Hükümet, yerel seçimlerin sona ermesinin ardından CHP’nin elinde olan belediyelerin yetkilerini kısıtladı. Atamaları, seçilmiş belediye başkanları yaparken, Ticaret Bakanlığı’nın yayımladığı genelge ile bu yetki belediye meclislerine verdi.
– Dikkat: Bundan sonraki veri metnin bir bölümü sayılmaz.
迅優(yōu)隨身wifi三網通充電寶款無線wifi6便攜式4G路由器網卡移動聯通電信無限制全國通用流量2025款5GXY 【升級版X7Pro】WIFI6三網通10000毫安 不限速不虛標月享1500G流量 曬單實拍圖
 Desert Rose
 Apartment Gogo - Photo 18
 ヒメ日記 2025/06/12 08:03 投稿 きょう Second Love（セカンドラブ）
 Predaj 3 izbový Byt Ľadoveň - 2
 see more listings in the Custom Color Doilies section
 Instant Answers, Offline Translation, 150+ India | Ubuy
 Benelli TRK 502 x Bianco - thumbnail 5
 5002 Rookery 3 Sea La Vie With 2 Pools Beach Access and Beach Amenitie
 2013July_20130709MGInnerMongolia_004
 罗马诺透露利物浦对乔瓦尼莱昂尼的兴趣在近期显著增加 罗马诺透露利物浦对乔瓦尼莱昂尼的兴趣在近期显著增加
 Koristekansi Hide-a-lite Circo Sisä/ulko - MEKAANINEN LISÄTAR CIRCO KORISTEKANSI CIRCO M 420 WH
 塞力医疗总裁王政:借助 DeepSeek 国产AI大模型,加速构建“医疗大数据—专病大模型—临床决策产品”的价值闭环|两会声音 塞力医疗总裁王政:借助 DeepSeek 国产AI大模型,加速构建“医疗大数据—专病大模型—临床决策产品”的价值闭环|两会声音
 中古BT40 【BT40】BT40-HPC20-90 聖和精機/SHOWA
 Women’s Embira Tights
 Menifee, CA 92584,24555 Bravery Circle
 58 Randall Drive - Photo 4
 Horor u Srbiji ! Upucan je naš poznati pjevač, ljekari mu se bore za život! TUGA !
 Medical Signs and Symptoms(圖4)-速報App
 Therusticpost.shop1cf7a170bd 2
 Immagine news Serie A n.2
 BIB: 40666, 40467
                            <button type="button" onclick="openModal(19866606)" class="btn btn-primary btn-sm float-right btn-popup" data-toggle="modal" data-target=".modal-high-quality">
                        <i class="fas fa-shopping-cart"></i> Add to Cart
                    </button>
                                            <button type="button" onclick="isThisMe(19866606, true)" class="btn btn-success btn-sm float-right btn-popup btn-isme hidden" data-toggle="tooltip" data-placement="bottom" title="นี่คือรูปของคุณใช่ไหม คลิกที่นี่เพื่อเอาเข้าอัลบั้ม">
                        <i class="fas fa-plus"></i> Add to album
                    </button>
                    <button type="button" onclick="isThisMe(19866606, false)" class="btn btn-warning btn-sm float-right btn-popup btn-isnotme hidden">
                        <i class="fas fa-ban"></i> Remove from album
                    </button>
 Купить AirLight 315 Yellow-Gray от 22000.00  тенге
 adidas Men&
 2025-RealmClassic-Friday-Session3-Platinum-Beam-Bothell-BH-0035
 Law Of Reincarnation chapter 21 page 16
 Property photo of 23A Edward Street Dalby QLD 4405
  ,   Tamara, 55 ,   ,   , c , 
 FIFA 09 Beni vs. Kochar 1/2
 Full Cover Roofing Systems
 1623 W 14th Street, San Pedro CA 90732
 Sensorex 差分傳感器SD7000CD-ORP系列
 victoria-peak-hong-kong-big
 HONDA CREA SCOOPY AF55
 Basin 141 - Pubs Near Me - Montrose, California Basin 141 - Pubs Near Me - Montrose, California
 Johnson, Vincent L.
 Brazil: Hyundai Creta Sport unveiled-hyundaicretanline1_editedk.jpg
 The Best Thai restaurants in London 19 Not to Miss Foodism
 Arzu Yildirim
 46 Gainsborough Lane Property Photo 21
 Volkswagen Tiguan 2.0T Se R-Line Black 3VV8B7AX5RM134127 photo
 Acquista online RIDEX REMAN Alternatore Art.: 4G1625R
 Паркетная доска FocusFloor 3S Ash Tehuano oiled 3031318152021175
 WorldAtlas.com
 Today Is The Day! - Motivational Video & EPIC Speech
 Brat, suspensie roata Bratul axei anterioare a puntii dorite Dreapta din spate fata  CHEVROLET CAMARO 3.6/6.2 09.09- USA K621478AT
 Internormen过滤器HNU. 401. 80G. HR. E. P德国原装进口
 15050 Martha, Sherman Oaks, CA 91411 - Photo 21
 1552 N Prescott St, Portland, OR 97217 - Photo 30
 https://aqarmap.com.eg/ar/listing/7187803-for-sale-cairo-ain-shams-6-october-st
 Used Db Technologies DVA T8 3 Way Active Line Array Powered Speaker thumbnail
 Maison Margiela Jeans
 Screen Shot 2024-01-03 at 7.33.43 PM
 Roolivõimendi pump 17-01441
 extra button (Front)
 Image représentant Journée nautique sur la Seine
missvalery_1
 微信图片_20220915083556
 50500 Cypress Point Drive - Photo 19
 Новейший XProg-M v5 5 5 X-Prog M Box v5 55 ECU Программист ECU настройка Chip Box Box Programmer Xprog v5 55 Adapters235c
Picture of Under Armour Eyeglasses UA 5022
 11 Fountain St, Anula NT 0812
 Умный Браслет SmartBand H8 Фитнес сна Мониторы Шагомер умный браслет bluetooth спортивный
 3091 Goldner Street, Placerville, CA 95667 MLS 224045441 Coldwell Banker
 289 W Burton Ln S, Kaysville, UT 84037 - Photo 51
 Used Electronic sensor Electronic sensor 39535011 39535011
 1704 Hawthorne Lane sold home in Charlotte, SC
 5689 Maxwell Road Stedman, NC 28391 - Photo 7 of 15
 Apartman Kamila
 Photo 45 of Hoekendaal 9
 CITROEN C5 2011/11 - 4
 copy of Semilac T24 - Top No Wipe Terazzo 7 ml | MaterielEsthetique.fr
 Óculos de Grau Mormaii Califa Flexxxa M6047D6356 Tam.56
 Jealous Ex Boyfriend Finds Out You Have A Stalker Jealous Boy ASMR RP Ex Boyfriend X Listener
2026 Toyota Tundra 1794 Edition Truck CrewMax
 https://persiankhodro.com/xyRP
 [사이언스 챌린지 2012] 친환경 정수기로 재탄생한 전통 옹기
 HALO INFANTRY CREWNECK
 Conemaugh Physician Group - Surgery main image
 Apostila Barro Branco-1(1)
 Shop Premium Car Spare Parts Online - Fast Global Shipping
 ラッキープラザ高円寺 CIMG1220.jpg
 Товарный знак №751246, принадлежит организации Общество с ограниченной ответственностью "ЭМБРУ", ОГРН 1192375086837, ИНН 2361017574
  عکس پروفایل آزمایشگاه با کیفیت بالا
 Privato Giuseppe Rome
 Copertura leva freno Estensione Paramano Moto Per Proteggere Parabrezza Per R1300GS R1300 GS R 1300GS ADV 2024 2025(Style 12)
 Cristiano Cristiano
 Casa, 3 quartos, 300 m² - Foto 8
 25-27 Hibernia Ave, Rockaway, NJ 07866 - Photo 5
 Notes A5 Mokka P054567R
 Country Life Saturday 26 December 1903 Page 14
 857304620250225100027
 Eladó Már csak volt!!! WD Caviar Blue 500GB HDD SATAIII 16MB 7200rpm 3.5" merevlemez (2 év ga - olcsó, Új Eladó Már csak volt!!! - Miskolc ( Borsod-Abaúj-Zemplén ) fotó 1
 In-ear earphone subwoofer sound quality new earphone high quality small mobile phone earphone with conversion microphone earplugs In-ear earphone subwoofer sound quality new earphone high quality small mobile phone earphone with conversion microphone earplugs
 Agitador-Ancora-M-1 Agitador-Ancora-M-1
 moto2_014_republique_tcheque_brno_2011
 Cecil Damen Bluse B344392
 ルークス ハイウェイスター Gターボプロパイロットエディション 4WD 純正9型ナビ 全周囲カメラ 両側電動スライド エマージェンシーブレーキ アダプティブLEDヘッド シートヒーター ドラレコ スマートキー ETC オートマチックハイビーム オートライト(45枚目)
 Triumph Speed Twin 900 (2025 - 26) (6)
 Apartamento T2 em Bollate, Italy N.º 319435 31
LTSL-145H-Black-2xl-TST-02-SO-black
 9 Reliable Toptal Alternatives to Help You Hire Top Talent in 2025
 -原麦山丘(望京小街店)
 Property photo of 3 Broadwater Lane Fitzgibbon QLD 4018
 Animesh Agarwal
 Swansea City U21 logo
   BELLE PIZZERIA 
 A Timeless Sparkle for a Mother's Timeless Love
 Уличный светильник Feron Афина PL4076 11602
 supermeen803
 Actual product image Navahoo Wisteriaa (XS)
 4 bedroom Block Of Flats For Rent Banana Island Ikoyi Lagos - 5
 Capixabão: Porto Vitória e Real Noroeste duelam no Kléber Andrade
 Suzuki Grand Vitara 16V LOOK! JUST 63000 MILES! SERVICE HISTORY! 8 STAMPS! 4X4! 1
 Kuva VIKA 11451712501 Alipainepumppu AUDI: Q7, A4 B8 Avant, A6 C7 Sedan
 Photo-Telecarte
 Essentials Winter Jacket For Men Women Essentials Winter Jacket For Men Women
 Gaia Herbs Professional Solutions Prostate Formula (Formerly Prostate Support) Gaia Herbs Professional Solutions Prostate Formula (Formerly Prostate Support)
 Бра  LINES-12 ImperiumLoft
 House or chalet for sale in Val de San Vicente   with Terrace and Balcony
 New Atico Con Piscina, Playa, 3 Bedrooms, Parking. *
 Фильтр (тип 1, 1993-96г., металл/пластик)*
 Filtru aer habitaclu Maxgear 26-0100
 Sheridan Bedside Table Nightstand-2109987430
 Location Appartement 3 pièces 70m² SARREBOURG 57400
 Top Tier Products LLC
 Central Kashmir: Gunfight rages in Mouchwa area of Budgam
Yerel seçimlerde Ankara ve İstanbul gibi büyükşehir
belediye meclislerinde üyelerin çoğunluğu AK Parti’den seçilirken belediye
başkanlıklarını CHP’nin alması üzerine hükümetten belediye başkanlarının elini
kolunu bağlamak için karşı hamleler gelmeye başladı. Cumhuriyet’ten Miyase
İlknur’un haberine göre; Ticaret Bakanlığı’nın mayıs ayında yayımladığı genelge
ile artık belediye iştiraklerine yönetici atama yetkisi belediye başkanlarından
alınarak belediye meclisine verildi.
24 NİSAN’DA GÖRÜŞ İSTENDİ
Ticaret Bakanlığı’na bağlı İç Ticaret Genel Müdürlüğü, 31
Mart yerel seçimlerinden 24 gün sonra 24 Nisan 2019 tarihinde “Bakanlığımıza
yazılı ve sözlü olarak yapılan başvurulardan; belediyenin aynı zamanda tüzel
kişi yönetim kurulu üyesi veya müdürü olduğu belediye iştiraki şirketlerde,
yönetim kurulu veya müdürler kurulunda belediye tüzel kişiliğini temsil etmek üzere
yetkilendirilen gerçek kişilerin değiştirilmesine yönelik tescil taleplerinde
ve yine pay sahibi belediyeyi temsilen şirketlerin genel kuruluna katılacak
temsilcilerin belirlenmesinde, belediyedeki hangi organın (belediye başkanı,
belediye encümeni, belediye meclisi) kararının aranması gerektiği hususunda
tereddüte düşüldüğü anlaşılmıştır” diyerek Çevre ve Şehircilik Bakanlığı Yerel
Yönetimler Genel Müdürlüğü’nden görüş istedi.
BAKANLIK BİLGİ VERMEDİ
Bakanlık, kendisine bu konuda kimlerin sözlü ve yazılı
başvuruda bulunduğuna ilişkin bir bilgi vermedi.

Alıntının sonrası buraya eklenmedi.